Can Iraq benefit from Europe's experience?
"Some countries, particularly in Europe, utilized their rivers and lakes in the best possible manner, and provided various forms of entertainment for their people on the river banks. The river Seine, which flows through Paris, the river Reine and Main which flows through many German cities and the Danube which flows through many European countries, are excellent examples of areas where river tourism has been developed. It is also an important feature on smaller rivers throughout Europe.
Allah bestowed on us mere human beings a multiplicity of uncountable graces as he says: "But if you count the favours of Allah, never will ye be able to number them".
Among those graces are the life-giving waters of rivers that flow for thousands of miles. Life has always been inextricably linked to water. Allah says: "We made from water every living thing". Water is grace from God: "Say if your water was to sink away, who then can supply you with flowing 'spring' water?"
So what use have people made of rivers?
I am not going to delve into how river water has been utilized in irrigation, agriculture, fishing or by birds and animals that make their homes on the river. Nor will I describe how human beings depend on water for their survival: drinking, washing and cleaning. This article will focus on the use of water for leisure activities and enjoyment as well as its contribution to a thriving economy.
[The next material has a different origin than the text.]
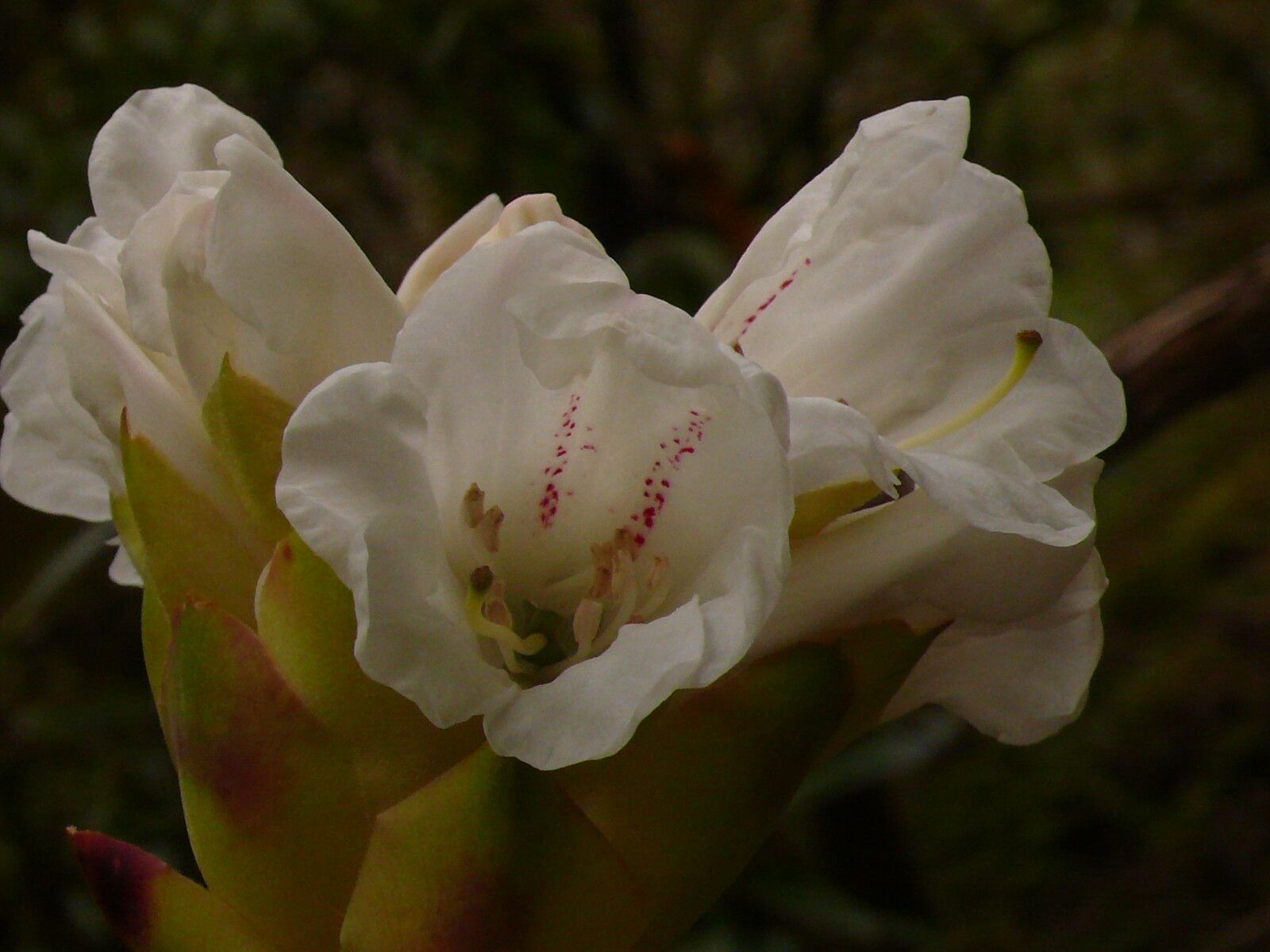 Rhododendron sphaeroblastum flower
Some countries, particularly in Europe, utilized their rivers and lakes in the best possible manner, and provided various forms of entertainment for their people on the river banks. The river Seine, which flows through Paris, the river Reine and Main which flows through many German cities and the Danube which flows through many European countries, are excellent examples of areas where river tourism has been developed. It is also an important feature on smaller rivers throughout Europe.
The Europeans have always attached paramount importance to protecting their rivers, as they are the means for transporting goods and people between cities and neighbouring countries. Attention has to be paid to the depth of water throughout the year. Most important cities for both residence and trade were established and are still growing on the banks of rivers. Ferries have been developed during recent decades into luxurious tourist vessels, touring cities, particularly in summer time. River sports have also flourished with each sport having its specific boats, equipment and races for both professionals and amateurs.
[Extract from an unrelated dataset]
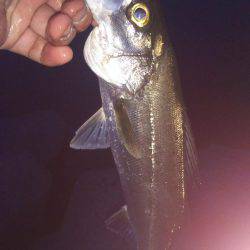 シーバスの活性が高い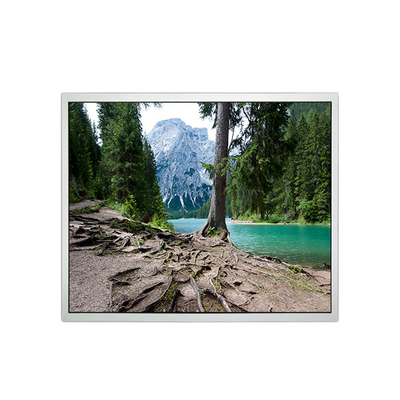 Buon prezzo 1280*1024 19,0 pollici EV190E0M-N10 1000:1 LCD in linea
In some areas there are as many boats as cars. Along popular riverbanks there are in fact more pleasure boats than cars. Boat owners who do not live in a prime location on the river bank use marinas to berth their vessels. It is possible to live on luxurious boats which can be referred to as 'floating houses'.
There are no limits to the care paid by European countries to their rivers. For instance, the municipality of Paris recently brought thousands of tons of golden sand to the banks of the Seine in the heart of the city to encourage both Parisians and tourists to visit these banks instead of going to the coast. Many European countries are emulating this practice.
It is difficult to find words to describe the incredible tourist potential of lakes, rivers and coastal resorts. River tourism it is a lucrative trade which can make a major contribution to the local economy: staff have to be employed to take care of the pleasure boats, parks and recreational facilities along the riverbanks. The rivers, with their dredging equipment, dams, sluices and embankments are also a hive of industrial activity which makes use of the most advanced technological developments.
Tourists, both individuals and tourist groups, easily account for half of the industry which flourishes along the river banks. River tourism is most developed in Europe and its experience could benefit countries such as Iraq, which have a tremendous potential for the development of rivers that have given life to man since time immemorial.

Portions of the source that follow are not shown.